───── INPUT DATA
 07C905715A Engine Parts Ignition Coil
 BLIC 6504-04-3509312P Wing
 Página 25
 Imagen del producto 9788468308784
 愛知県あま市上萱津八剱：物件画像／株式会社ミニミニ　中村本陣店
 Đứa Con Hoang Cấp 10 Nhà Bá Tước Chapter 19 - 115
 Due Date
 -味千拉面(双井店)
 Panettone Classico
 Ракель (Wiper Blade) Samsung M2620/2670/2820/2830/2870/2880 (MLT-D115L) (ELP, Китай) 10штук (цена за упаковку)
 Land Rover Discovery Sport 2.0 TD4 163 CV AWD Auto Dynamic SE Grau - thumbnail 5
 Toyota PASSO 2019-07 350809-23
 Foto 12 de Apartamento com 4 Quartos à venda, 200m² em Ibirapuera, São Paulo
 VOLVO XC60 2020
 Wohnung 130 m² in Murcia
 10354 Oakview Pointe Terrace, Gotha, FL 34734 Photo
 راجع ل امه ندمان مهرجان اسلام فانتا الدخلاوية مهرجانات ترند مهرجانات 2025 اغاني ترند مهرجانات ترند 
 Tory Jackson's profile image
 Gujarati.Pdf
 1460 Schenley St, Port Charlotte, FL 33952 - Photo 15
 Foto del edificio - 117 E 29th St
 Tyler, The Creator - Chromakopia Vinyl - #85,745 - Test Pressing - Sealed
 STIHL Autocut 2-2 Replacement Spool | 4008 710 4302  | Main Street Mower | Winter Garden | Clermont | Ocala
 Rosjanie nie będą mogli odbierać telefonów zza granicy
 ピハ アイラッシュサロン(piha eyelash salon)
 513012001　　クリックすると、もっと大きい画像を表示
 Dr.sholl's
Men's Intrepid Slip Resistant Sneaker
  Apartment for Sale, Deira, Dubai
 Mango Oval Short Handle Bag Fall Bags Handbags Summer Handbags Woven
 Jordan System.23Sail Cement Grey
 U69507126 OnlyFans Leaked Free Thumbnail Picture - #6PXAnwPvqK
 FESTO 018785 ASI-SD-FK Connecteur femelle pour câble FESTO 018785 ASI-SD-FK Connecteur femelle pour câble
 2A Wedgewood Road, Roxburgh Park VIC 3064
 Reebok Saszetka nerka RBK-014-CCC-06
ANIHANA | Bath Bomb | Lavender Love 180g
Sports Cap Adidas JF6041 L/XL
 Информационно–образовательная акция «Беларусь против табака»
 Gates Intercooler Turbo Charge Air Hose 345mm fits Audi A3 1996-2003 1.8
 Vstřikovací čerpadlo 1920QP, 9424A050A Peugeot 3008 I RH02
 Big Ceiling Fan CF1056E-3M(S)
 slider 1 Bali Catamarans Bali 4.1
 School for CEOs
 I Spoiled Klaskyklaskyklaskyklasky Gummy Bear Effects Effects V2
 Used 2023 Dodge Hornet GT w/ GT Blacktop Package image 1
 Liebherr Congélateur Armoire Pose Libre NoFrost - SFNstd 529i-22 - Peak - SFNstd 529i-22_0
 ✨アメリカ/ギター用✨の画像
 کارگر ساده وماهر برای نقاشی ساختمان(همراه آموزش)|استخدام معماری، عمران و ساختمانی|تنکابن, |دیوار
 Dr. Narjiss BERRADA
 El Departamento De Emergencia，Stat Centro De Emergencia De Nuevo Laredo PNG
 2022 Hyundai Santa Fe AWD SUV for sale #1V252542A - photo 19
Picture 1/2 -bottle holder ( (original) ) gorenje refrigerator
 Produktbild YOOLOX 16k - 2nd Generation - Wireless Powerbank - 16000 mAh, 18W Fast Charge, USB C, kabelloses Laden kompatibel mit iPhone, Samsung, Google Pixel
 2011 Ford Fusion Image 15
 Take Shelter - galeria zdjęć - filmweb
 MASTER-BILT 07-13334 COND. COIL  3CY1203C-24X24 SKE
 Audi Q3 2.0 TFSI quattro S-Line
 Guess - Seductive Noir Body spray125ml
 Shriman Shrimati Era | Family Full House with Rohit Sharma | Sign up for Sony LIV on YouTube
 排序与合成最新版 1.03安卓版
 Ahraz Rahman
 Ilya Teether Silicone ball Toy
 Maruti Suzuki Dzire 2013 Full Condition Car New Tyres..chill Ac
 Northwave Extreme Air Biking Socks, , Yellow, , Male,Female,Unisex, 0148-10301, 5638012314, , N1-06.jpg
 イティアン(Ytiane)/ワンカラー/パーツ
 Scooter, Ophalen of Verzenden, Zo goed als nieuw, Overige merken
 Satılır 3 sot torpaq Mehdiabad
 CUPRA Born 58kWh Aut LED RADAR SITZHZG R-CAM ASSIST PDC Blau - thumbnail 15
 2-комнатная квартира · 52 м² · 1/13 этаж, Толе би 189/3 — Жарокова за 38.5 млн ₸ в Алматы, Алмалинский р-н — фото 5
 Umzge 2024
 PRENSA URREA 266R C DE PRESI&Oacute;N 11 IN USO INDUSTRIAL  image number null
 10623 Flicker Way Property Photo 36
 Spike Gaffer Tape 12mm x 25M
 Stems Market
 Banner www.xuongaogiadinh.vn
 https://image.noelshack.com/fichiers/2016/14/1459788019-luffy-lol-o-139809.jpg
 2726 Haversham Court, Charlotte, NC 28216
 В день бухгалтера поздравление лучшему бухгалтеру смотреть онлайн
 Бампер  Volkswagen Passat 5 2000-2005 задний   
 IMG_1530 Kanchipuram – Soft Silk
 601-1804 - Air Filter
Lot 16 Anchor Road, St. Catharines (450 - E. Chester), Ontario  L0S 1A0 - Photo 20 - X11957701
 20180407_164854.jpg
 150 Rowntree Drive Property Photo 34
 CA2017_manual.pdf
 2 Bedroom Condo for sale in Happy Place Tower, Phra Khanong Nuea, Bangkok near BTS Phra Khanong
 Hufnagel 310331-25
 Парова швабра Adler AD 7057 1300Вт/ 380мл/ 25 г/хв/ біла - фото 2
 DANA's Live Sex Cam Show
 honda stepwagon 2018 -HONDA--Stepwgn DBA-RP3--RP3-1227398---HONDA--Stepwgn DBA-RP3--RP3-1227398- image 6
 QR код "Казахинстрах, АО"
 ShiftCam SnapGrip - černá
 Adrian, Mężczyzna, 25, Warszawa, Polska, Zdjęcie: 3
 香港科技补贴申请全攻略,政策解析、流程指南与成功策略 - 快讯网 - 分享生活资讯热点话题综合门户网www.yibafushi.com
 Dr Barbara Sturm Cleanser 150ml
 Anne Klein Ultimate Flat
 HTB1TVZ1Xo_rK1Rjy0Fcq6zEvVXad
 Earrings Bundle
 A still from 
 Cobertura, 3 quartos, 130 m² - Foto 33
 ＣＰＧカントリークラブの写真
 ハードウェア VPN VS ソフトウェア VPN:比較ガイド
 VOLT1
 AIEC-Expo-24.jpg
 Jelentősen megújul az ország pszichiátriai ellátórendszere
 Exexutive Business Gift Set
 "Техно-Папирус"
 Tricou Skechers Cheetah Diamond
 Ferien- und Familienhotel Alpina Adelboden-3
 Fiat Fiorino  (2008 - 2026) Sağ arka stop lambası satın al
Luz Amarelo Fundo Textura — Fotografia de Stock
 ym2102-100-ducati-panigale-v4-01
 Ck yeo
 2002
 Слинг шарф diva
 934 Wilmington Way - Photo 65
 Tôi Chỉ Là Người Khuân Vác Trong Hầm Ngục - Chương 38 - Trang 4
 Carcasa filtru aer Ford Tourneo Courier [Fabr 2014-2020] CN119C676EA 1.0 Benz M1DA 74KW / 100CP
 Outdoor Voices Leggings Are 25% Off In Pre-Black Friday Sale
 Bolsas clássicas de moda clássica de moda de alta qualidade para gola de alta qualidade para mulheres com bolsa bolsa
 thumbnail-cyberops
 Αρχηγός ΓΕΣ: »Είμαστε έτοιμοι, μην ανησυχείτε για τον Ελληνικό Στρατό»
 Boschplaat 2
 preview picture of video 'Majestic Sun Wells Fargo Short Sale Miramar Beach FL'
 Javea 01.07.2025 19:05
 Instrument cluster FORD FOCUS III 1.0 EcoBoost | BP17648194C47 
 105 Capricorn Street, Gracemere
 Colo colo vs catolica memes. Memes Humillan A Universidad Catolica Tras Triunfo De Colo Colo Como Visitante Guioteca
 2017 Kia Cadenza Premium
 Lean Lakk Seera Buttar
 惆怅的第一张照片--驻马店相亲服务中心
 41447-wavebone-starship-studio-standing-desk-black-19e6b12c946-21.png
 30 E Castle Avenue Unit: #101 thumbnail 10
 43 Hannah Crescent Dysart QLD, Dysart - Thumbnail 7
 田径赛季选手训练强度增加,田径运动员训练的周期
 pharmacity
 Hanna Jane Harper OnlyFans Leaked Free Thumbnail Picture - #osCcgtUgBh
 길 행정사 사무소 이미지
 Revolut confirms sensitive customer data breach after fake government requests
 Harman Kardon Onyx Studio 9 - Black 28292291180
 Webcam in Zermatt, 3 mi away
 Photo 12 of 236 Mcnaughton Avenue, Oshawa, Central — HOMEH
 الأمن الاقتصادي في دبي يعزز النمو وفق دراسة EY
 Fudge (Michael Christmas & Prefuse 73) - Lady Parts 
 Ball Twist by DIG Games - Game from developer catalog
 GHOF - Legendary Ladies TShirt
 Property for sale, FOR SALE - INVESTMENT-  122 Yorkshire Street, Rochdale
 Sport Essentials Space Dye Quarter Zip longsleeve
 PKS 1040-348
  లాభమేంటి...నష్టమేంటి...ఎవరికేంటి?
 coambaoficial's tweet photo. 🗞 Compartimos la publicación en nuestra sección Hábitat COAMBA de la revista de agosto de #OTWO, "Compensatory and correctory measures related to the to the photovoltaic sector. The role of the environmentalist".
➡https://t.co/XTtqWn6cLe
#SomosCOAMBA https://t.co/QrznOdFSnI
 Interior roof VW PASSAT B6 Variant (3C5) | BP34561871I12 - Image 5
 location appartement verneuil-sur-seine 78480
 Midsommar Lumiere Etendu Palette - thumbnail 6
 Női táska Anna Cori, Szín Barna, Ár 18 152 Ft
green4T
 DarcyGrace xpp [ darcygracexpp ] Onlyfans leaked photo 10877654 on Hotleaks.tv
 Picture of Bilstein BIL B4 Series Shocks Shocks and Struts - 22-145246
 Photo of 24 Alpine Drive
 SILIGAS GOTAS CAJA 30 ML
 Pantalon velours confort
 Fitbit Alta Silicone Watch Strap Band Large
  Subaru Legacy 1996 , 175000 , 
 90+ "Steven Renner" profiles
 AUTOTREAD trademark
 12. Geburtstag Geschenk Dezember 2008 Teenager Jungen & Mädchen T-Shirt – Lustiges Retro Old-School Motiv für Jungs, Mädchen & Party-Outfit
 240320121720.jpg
──────────
If a line in the records contains the word "Property", copy it.

▸ ANSWER TO THE PROBLEM
 10623 Flicker Way Property Photo 36
 150 Rowntree Drive Property Photo 34
 Property for sale, FOR SALE - INVESTMENT-  122 Yorkshire Street, Rochdale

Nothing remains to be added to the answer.